_ABOUT THIS EXERCISE_: Would you repeat word for word the lines of the listing that follows, from the one with "Women's [M] Sueded-Knit" up to and including the one with "retro-futuristic ( art", and leave out the images?

_INPUT RECORDS_:
++++

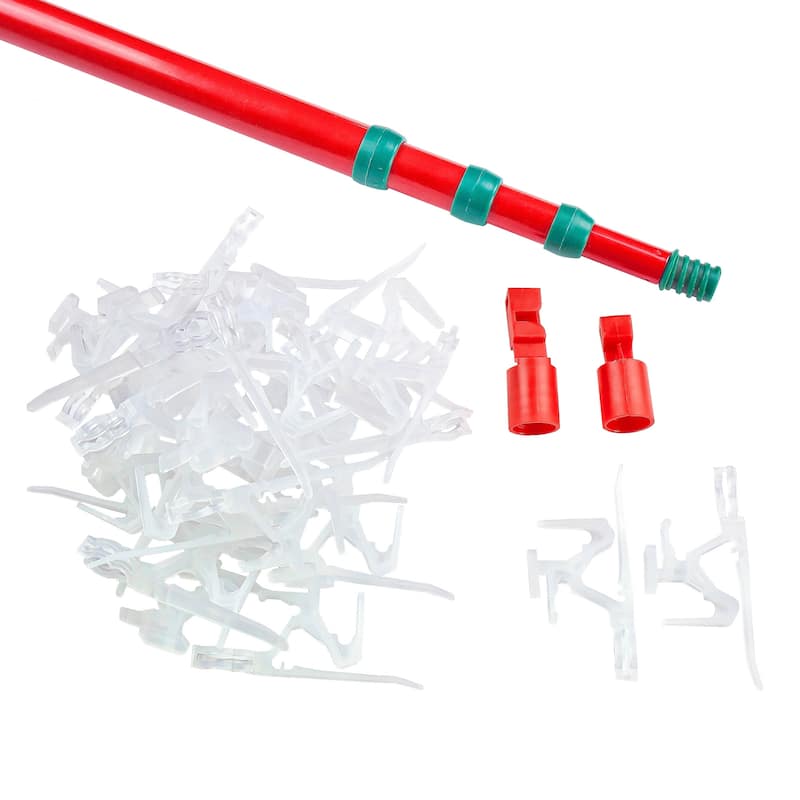 Set of 25 Ladderless Red and Green Light Hanging Kit 11ft - 41"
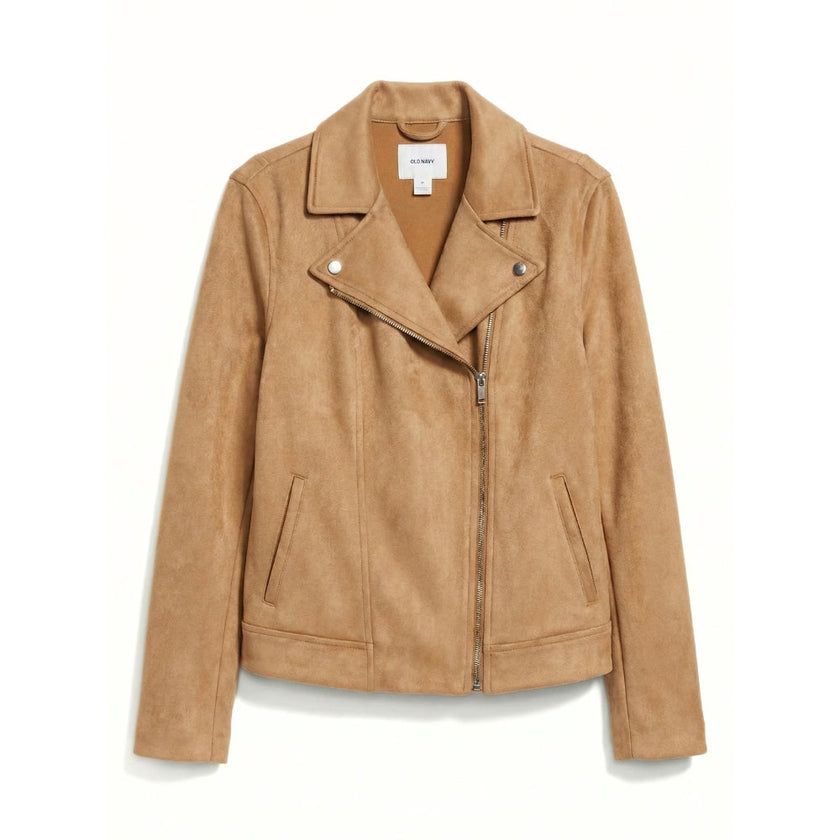 Women's [M] Sueded-Knit Moto Jacket | Old Navy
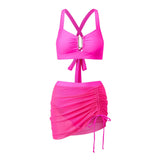 Women Summer Solid Color Bikini Sets Sleeveless Bra with High Waist Drawstring Skort Bathing Suit 2-piece Swimsuit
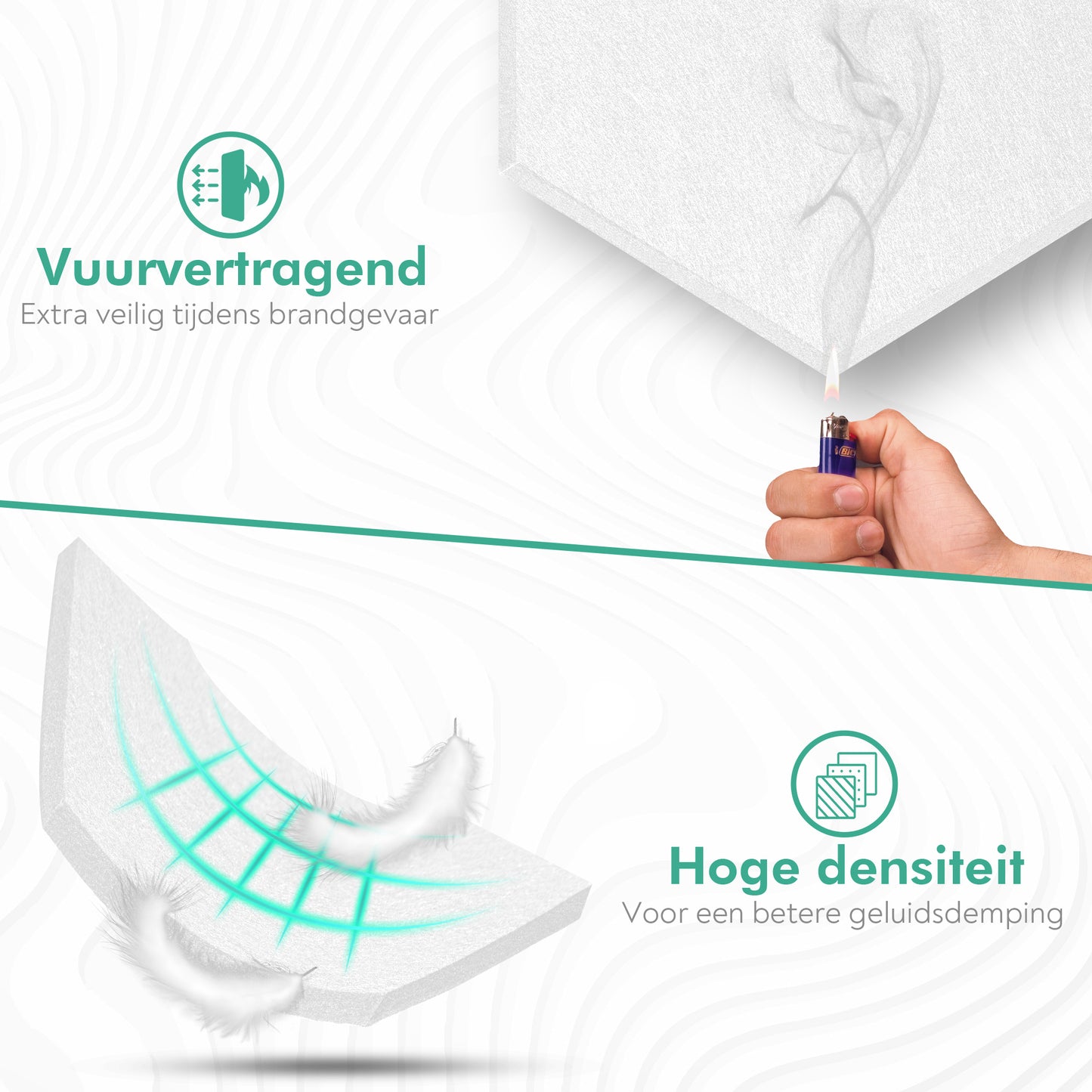 20 akoestische zelfklevende panelen - Wit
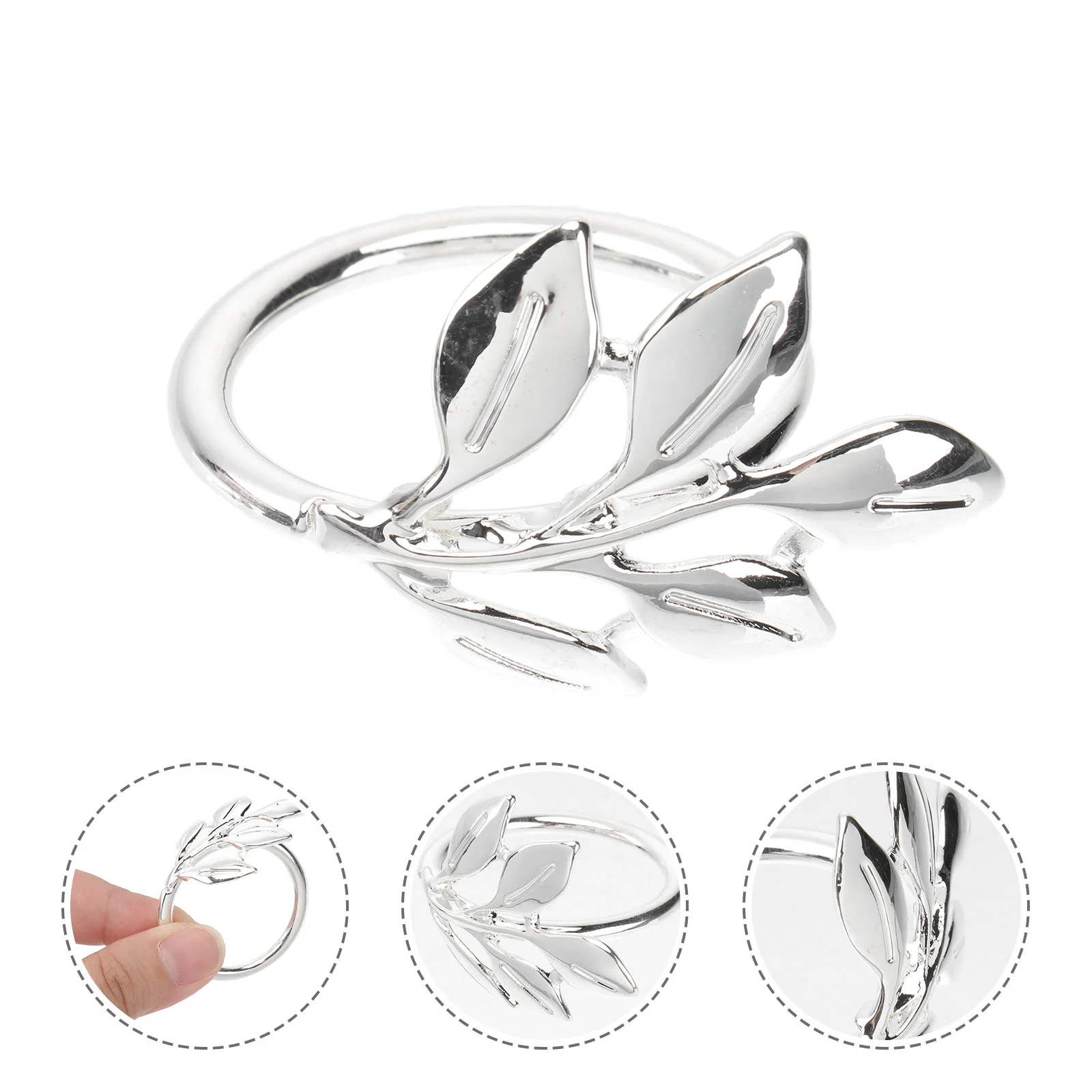 

Napkin Ring Rings Holder Holders Easter Buckles Set Wedding Serviette Silver Napkins Andbanquet Tables Dinner Leaves Dining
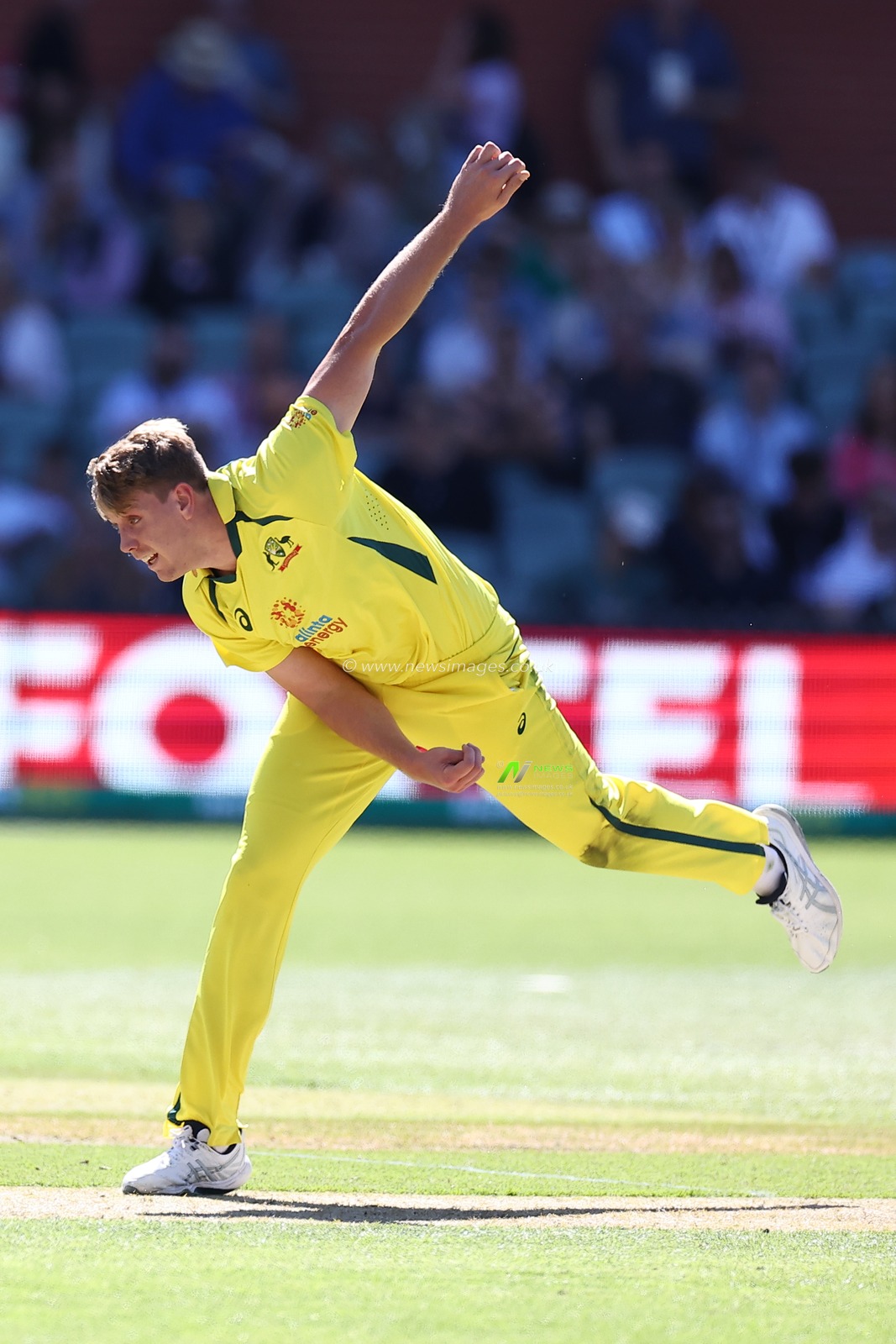 Cameron Green of Australia bowls during the Dettol ODI Series match Australia vs England at Adelaide Oval, Adelaide, Australia, 17th November 2022

(Photo by Patrick Hoelscher/News Images)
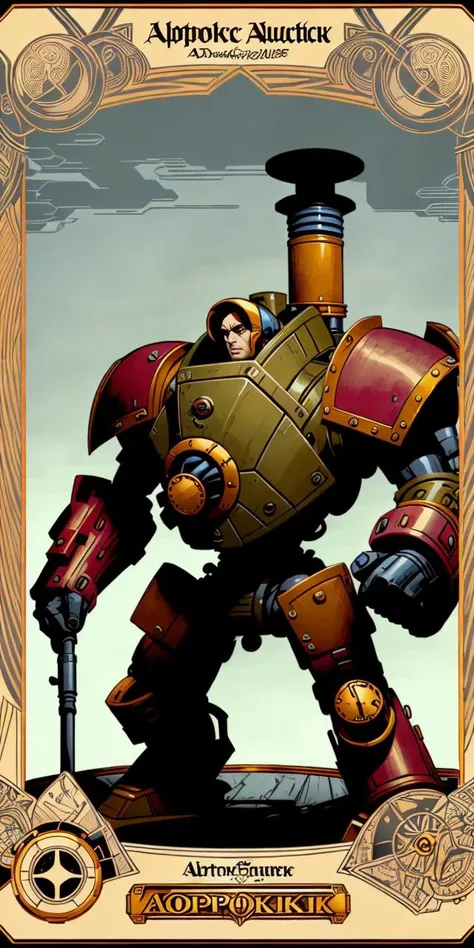 (  [ An  Alphonse Mucha's  | A Victo Ngai's  ]
(  concept
(  [ tarot | MTFG ]
 [ card | banner | card |  illustration ] 
) 
) 
)
with  the 
( Full body ) character [ design | portrait ]
of  ( [ an  ominous  | a gloomy ] ) 
( [ biomechanical | clockwork ] 
 atompunk ) power armor
( on top of a pedestal ) 
[ perfectly |  precisely ] centered in the middle of composition
with ( dynamic ( symmetry ) )
, CCDSF artstyle
full of  ( retro-futuristic ( art deco  (  circuit  ) designs  ) )
by [ Greg Stapples |  Boris Vallejo | Greg and Tim Hildebrandt ]
and by [ Donato Giancola | Juan Gimenez ]
, perfect ( ( symmetrical ) well proportioned anatomy )
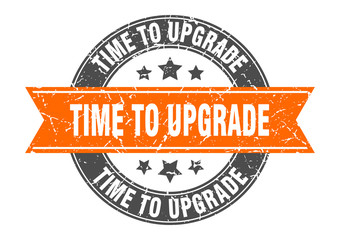 time to upgrade round stamp with orange ribbon. time to upgrade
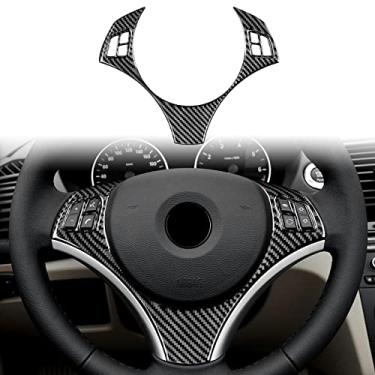 Imagem de JUPIZEUS Fibra de carbono, para BMW, capa de acabamento de painel de botão de volante esportivo para BMW Série 1 E81 E82 E87 E88 2008 2009 2010 2011 2012 2013, acessórios de adesivos internos, preto
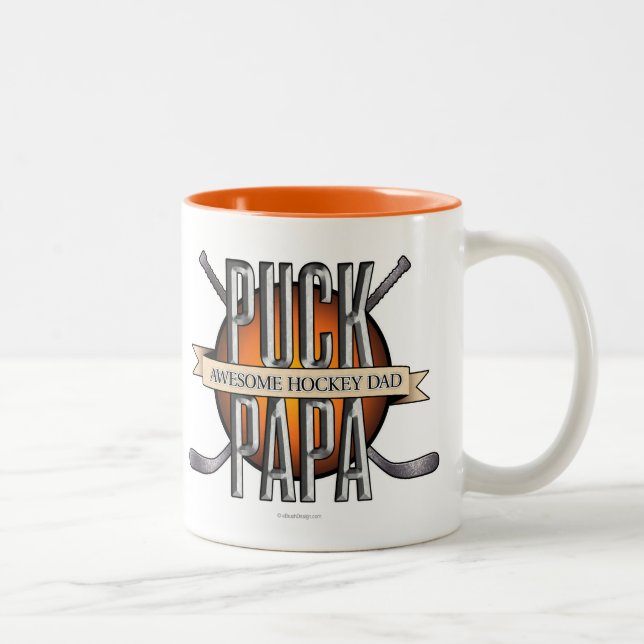 Puck Papa (Hockey Dad) Two-Tone Coffee Mug (Right)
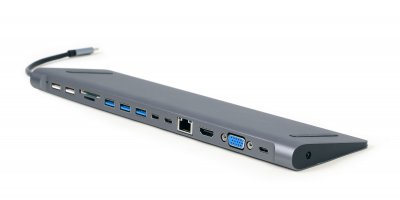 Док станція USB-C 9-в-1 (USB-хаб + HDMI/VGA/PD/картридер/LAN/3.5-мм аудіо), сірий (1 з 5)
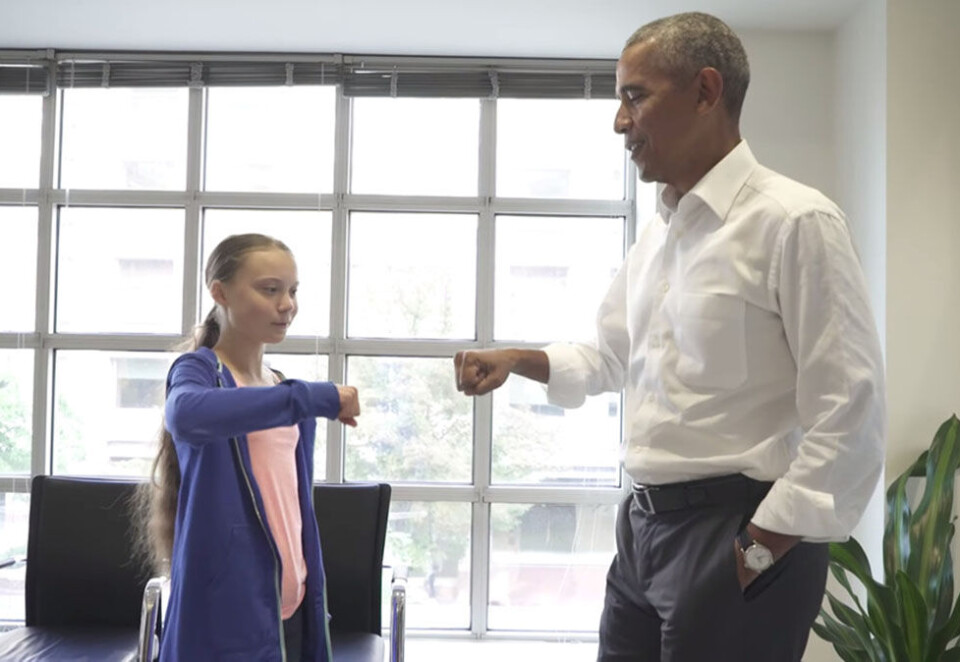 Thunberg og Obama: Etter at de møtte hverandre i september, delte den tidligere amerikanske presidenten et bilde av de to sammen på Instagram. Det gjorde ikke Thunberg. Foto: Obama Foundation/Reuters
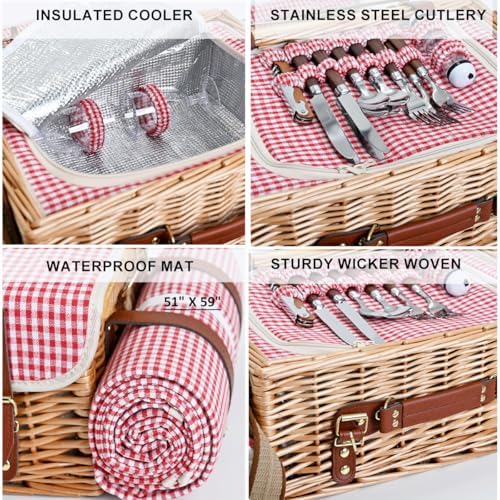 Multifunctional Wicker Picnic Basket Set for 2 with Blanket and Picnic Table, Insulated Picnic Set with Full Tablewares for Camping Outdoor Couples, Gingham - Image 5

++++

_RESPONSE TO THE EXERCISE_:
 Women's [M] Sueded-Knit Moto Jacket | Old Navy
 Women Summer Solid Color Bikini Sets Sleeveless Bra with High Waist Drawstring Skort Bathing Suit 2-piece Swimsuit
 20 akoestische zelfklevende panelen - Wit

Napkin Ring Rings Holder Holders Easter Buckles Set Wedding Serviette Silver Napkins Andbanquet Tables Dinner Leaves Dining
 Cameron Green of Australia bowls during the Dettol ODI Series match Australia vs England at Adelaide Oval, Adelaide, Australia, 17th November 2022

(Photo by Patrick Hoelscher/News Images)
 (  [ An  Alphonse Mucha's  | A Victo Ngai's  ]
(  concept
(  [ tarot | MTFG ]
 [ card | banner | card |  illustration ] 
) 
) 
)
with  the 
( Full body ) character [ design | portrait ]
of  ( [ an  ominous  | a gloomy ] ) 
( [ biomechanical | clockwork ] 
 atompunk ) power armor
( on top of a pedestal ) 
[ perfectly |  precisely ] centered in the middle of composition
with ( dynamic ( symmetry ) )
, CCDSF artstyle
full of  ( retro-futuristic ( art deco  (  circuit  ) designs  ) )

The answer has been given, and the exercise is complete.